Organic Food Is More Expensive? Hogwash!

The myth that eating well is prohibitively expensive was given another debunking the other day while I was shopping with a client at a Whole Foods market.

Looking to replace Cheerios with a healthier alternative, I recommended Nature’s Path Organic Heritage O’s, a delicious multi-grain cereal with no refined sugars.

My client, who recoiled when seeing the $7 price tag (“Seven dollars!?!?”), was slightly assuaged when she told me that a box of Cheerios was only a couple dollars cheaper. Still, $7 for cereal can be tough to swallow.

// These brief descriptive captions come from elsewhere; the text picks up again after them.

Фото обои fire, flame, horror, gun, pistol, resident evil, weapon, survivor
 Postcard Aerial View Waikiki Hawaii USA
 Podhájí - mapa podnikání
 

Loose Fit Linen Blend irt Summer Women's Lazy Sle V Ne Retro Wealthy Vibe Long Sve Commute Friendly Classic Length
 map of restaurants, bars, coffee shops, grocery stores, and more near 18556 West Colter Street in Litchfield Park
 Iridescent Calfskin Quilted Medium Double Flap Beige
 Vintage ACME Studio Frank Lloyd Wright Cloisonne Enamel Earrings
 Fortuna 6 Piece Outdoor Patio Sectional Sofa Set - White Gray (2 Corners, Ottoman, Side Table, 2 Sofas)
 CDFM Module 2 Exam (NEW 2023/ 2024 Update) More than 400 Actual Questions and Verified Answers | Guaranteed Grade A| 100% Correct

Gratefully, instant cost comparison was possible, as boxes of Cheerios were only a few feet down the aisle. (For those who think everything at Whole Foods is organic, think again.)

Thanks to the store’s pricing stickers, which give cost per pound in addition to actual cost, we learned that the two pound bag of the organic cereal ($3.50 per pound) was decidedly cheaper than the mass-marketed Cheerios.

The 8.9-ounce box of Cheerios was $4.49, which translates to a whopping $8.07 per pound, more than twice the cost of the Nature’s Path product. The 14-ounce box of Cheerios was $5.39, a more manageable—but still exorbitant—$6.16 per pound.

The moral of the story? Be cognizant of package sizing and per pound costs.

The healthier, better-tasting and cheaper option is Nature’s Path Heritage O’s, made with flours from organic oat, wheat, spelt, barley and quinoa. A bonus is that Nature’s Path is one of the few remaining sizable independent organic food companies.